From: Greg Kroah-Hartman <gregkh@linuxfoundation.org>
Date: Sat, 9 Nov 2013 05:59:22 +0000 (-0800)
Subject: 3.4-stable patches
X-Git-Tag: v3.4.69~4
X-Git-Url: http://git.ipfire.org/?a=commitdiff_plain;h=cd304b49d2d04d1b6c2f18730ec9f162518d8138;p=thirdparty%2Fkernel%2Fstable-queue.git

3.4-stable patches

added patches:
	mm-fix-aio-performance-regression-for-database-caused-by-thp.patch
---

diff --git a/queue-3.4/mm-fix-aio-performance-regression-for-database-caused-by-thp.patch b/queue-3.4/mm-fix-aio-performance-regression-for-database-caused-by-thp.patch
new file mode 100644
index 00000000000..59b293c9e05
--- /dev/null
+++ b/queue-3.4/mm-fix-aio-performance-regression-for-database-caused-by-thp.patch
@@ -0,0 +1,138 @@
+From 7cb2ef56e6a8b7b368b2e883a0a47d02fed66911 Mon Sep 17 00:00:00 2001
+From: Khalid Aziz <khalid.aziz@oracle.com>
+Date: Wed, 11 Sep 2013 14:22:20 -0700
+Subject: mm: fix aio performance regression for database caused by THP
+
+From: Khalid Aziz <khalid.aziz@oracle.com>
+
+commit 7cb2ef56e6a8b7b368b2e883a0a47d02fed66911 upstream.
+
+I am working with a tool that simulates oracle database I/O workload.

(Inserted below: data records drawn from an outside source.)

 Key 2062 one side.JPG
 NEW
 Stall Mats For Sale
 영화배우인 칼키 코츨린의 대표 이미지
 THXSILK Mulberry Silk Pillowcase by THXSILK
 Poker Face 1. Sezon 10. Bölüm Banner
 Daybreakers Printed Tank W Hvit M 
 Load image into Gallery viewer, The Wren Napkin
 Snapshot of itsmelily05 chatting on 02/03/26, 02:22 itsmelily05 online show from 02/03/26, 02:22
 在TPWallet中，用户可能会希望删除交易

+This tool (orion to be specific -
+<http://docs.oracle.com/cd/E11882_01/server.112/e16638/iodesign.htm#autoId24>)
+allocates hugetlbfs pages using shmget() with SHM_HUGETLB flag.  It then
+does aio into these pages from flash disks using various common block
+sizes used by database.  I am looking at performance with two of the most
+common block sizes - 1M and 64K.  aio performance with these two block
+sizes plunged after Transparent HugePages was introduced in the kernel.

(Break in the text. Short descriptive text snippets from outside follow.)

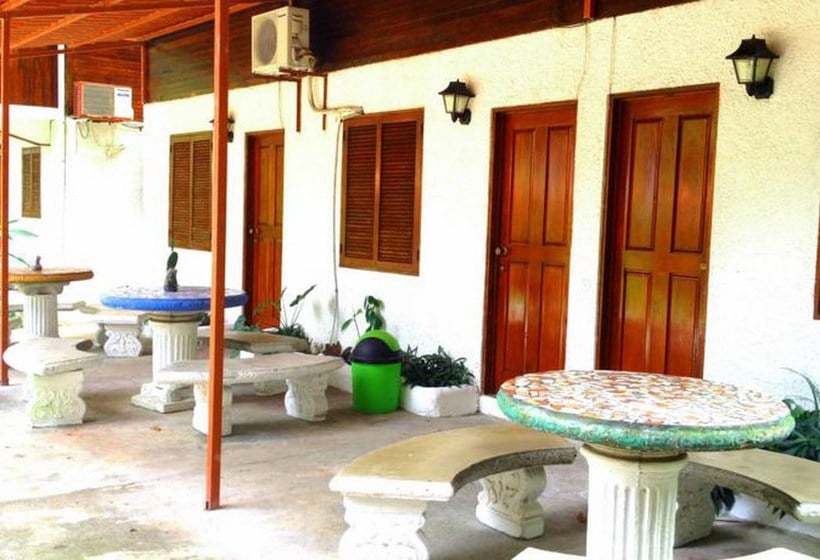 Agapi  | Puerto Viejo | Heredia | Costa Rica 6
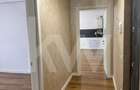 Apartament 2 camere finisat la cheie balcon parcare Selimbar 54 mpu - 6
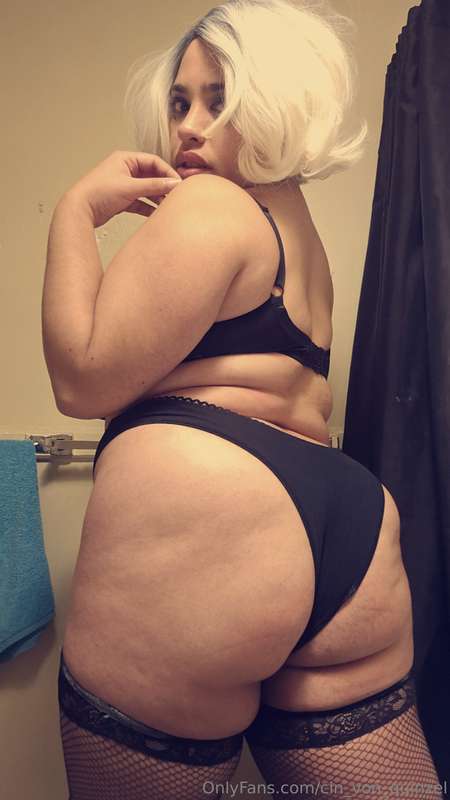 cin_von_quinzel image #6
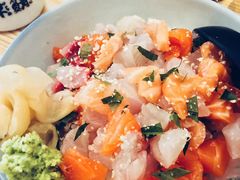 -新鲜屋(海德二道店)
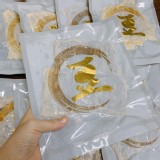 非基改養生豆皮 260g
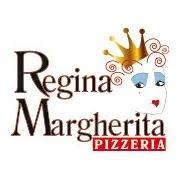 Bar Pizzeria Regina Margherita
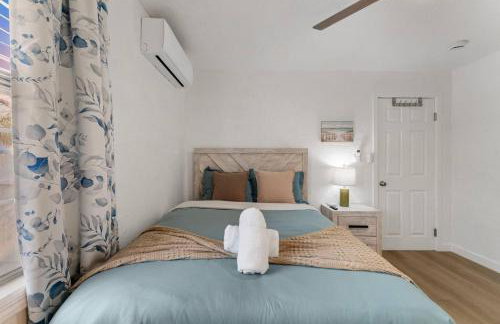 Luxury Retreat, Foosball, Pool table, NEW Upgrades - Foto 26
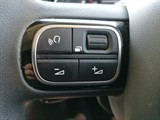 Used Citroen Berlingo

+Here are performance numbers:
+
+		pre-THP		2.6.39		3.11-rc5
+1M read		8384 MB/s	5629 MB/s	6501 MB/s
+64K read	7867 MB/s	4576 MB/s	4251 MB/s
+
+I have narrowed the performance impact down to the overheads introduced by
+THP in __get_page_tail() and put_compound_page() routines.  perf top shows
+>40% of cycles being spent in these two routines.  Every time direct I/O
+to hugetlbfs pages starts, kernel calls get_page() to grab a reference to
+the pages and calls put_page() when I/O completes to put the reference
+away.  THP introduced significant amount of locking overhead to get_page()
+and put_page() when dealing with compound pages because hugepages can be
+split underneath get_page() and put_page().  It added this overhead
+irrespective of whether it is dealing with hugetlbfs pages or transparent
+hugepages.  This resulted in 20%-45% drop in aio performance when using
+hugetlbfs pages.
+
+Since hugetlbfs pages can not be split, there is no reason to go through
+all the locking overhead for these pages from what I can see.  I added
+code to __get_page_tail() and put_compound_page() to bypass all the
+locking code when working with hugetlbfs pages.  This improved performance
+significantly.  Performance numbers with this patch:
+
+		pre-THP		3.11-rc5	3.11-rc5 + Patch
+1M read		8384 MB/s	6501 MB/s	8371 MB/s
+64K read	7867 MB/s	4251 MB/s	6510 MB/s
+
+Performance with 64K read is still lower than what it was before THP, but
+still a 53% improvement.  It does mean there is more work to be done but I
+will take a 53% improvement for now.
+
+Please take a look at the following patch and let me know if it looks
+reasonable.
+
+[akpm@linux-foundation.org: tweak comments]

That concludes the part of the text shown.